Ecosyste.ms: Awesome

An open API service indexing awesome lists of open source software.

Awesome Lists | Featured Topics | Projects

https://github.com/stevenpawley/h2oparsnip

Model Wrappers for H2O models
https://github.com/stevenpawley/h2oparsnip

Last synced: about 2 months ago
JSON representation

Model Wrappers for H2O models

Awesome Lists containing this project

README

        

# h2oparsnip

[![CRAN status](https://www.r-pkg.org/badges/version/h2oparsnip)](https://CRAN.R-project.org/package=h2oparsnip)
[![Lifecycle: experimental](https://img.shields.io/badge/lifecycle-experimental-orange.svg)](https://www.tidyverse.org/lifecycle/#experimental)

**NOTE the development of h2oparsnip is being integrated within tidymodels as the [agua](https://github.com/tidymodels/agua) package. New issues and feature requests should be made in the agua repository**.

```h2oparsnip``` provides a set of wrappers to bind h2o algorthms with the
'parsnip' package.

This package is early in development. Currently the following h2o algorithms
are implemented:

- h2o.deeplearning engine added to parsnip::mlp model specification
- h2o.gbm engine added to parsnip::boost_tree model specification
- h2o.randomForest engine added to parsnip::rand_forest model specification
- h2o.glm engine added to multinom_reg, logistic_reg and linear_reg model
specifications
- h2o.naiveBayes engine added to naive_Bayes specification
- a new model, automl
- h2o.rulefit engine added to parsnip::rule_fit

## Installation

The package is not yet on CRAN and can be installed with:

``` r
devtools::install_github("stevenpawley/h2oparsnip")
```

## Notes

The package currently is based on the concept of using h2o as a disposable backend, using h2o as a drop-in replacement for the traditionally used 'engines' within the parsnip package. However, performing tasks such as hyperparameter tuning via the 'tune' packge will be less efficient if working on a remote cluster than using h2o directly because data is being sent back and forth.

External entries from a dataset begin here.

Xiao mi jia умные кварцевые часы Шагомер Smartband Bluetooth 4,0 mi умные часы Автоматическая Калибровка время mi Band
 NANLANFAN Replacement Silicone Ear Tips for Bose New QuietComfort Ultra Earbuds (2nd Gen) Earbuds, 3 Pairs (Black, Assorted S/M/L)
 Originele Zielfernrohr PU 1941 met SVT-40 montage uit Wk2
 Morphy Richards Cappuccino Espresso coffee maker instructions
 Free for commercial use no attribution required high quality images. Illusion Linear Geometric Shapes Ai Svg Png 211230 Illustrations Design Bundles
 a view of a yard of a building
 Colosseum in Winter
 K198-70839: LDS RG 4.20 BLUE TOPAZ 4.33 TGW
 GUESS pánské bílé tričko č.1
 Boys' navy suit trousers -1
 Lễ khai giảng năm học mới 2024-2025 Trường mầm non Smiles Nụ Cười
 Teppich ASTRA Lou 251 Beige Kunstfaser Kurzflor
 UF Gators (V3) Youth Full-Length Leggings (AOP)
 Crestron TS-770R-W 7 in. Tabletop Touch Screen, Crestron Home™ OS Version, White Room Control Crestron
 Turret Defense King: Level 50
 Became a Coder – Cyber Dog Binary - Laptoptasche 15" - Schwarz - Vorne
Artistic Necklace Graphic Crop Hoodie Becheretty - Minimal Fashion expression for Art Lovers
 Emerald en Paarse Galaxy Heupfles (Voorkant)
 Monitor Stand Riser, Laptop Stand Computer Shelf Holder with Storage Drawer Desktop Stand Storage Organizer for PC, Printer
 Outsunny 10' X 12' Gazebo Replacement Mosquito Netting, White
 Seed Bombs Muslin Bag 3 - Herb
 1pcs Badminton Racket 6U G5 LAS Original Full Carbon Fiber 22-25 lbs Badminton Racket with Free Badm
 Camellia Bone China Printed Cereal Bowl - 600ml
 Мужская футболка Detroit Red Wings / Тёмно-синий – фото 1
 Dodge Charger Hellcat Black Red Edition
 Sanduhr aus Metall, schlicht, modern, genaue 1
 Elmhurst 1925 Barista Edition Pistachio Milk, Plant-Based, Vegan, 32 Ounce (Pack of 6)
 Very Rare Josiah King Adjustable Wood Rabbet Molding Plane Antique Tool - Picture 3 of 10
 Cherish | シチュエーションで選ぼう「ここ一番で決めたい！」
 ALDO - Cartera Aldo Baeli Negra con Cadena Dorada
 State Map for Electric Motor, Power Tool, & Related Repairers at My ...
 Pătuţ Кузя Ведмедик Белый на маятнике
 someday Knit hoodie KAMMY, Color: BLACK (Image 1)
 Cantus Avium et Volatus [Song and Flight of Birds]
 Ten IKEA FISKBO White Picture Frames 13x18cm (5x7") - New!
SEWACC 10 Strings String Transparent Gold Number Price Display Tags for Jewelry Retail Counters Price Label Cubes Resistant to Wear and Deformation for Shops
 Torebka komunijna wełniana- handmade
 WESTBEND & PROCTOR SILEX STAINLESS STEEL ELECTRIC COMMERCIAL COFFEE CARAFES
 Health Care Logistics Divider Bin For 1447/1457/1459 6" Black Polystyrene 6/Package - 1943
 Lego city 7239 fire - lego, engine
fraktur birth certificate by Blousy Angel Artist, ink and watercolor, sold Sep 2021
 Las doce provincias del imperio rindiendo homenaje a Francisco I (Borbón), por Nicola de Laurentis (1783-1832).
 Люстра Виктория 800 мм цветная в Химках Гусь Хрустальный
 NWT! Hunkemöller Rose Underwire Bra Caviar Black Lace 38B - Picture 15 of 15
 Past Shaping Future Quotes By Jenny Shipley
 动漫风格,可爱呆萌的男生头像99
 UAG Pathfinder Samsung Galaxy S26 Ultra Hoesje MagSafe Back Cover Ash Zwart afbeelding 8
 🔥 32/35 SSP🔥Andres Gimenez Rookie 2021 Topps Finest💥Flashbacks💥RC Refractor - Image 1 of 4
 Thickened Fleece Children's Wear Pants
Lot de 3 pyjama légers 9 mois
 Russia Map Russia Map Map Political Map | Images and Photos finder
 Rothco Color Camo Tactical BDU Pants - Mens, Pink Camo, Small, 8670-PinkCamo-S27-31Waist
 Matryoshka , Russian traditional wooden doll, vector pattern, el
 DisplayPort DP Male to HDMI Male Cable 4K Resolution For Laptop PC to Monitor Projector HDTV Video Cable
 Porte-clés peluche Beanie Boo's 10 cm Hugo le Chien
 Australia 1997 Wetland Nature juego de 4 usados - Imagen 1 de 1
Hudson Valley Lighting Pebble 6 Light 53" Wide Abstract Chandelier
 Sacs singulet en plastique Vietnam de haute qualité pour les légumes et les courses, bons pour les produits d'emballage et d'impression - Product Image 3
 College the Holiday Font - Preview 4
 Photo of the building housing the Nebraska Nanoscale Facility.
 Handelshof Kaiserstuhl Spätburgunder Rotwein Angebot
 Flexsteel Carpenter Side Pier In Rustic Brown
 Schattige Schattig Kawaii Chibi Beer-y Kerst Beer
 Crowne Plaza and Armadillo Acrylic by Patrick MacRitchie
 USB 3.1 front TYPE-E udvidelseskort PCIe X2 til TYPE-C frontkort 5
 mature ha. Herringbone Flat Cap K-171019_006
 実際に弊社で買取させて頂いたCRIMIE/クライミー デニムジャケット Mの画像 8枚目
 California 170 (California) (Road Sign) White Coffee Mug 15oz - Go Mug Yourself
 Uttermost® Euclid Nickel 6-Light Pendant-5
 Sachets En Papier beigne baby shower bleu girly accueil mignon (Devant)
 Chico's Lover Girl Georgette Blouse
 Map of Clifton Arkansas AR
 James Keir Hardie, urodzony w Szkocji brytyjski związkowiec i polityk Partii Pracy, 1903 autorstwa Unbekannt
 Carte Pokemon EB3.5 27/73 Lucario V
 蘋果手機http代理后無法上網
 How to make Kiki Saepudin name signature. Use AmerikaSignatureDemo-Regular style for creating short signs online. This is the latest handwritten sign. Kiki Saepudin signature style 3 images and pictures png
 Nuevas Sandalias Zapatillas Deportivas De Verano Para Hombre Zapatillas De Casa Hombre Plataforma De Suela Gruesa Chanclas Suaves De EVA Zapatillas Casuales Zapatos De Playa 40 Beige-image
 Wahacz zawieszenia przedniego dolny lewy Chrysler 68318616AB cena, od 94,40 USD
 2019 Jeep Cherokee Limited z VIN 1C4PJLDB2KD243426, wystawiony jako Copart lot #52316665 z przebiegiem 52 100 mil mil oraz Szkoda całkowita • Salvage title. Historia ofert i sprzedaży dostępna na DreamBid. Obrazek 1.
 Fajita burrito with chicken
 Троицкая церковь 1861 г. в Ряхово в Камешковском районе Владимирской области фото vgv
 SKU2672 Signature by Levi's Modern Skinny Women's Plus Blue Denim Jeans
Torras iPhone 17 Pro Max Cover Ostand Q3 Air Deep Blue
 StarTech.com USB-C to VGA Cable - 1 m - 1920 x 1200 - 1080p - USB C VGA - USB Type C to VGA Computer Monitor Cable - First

h2oparsnip also does not provide any management of the h2o cluster. If lots of models are being run then available memory within the cluster may be exhausted. Currently this has to be managed using the commands in the h2o package.

## Basic Usage

An example of using the h2o engine for boosted trees. For boosted trees, hyperparameter tuning of the number of trees is performed using a multi_predict method, i.e. the algorithm fits the maximum number of trees in the parameter grid and can be tuned using fewer trees without retraining.

```
library(tidymodels)
library(h2oparsnip)
library(h2o)

h2o.init()

gbm <- boost_tree(mode = "regression", trees = tune(), min_n = tune()) %>%
set_engine("h2o")

rec <- iris %>%
recipe(Petal.Length ~ .)

params <- expand.grid(trees = c(10, 20, 30), min_n = c(1, 5, 10))
resamples = mc_cv(iris, times = 1)
tune_results <- tune_grid(
object = gbm,
preprocessor = rec,
resamples = resamples,
grid = params,
metrics = metric_set(rmse)
)
```

## Tuning (alternative)

A problem with using `tune::tune_grid` is that performance is reduced because the data for every tuning hyperparameter iteration and resampling is moved from R to the h2o cluster. To minimize this, the `tune_grid_h2o` function can be used to tune model arguments, as a near drop-in replacement:

```
tune_results <- tune_grid_h2o(
object = gbm,
preprocessor = rec,
resamples = resamples,
grid = params,
metrics = metric_set(rmse)
)
```

Currently, `tune_grid_h2o` can only tune model parameters and does not handle recipes with tunable parameters. `tune_grid_h2o` moves the data to the h2o cluster only once, i.e. the complete dataset specified by the `resamples` argument is moved to the cluster, and then the equivalent h2o.frame is split based on the row indices in the resampling object, and the `h2o::h2o.grid` function is used for tuning on the h2o frames. To avoid repeatedly moving predictions back from h2o to R, all metrics are also calculated on the cluster. This restricts the range of metrics to what is available in h2o (`tune_grid_h2o` maps **yardstick** metrics to their h2o equivalents). The available metrics are listed in the `tune_grid_h2o` help documentation. However, hyperparameter tuning using `tune_grid_h2o` should be similarly performant as when using h2o directly.

### Control

Similar to `tune::control_grid`, details of `tune_grid_h2o` can be configured using `tune_grid_h2o(control = control_h2o())`. This allows the predictions and/or models to be saved (the default is that they are removed after tuning to avoid clutter in the cluster).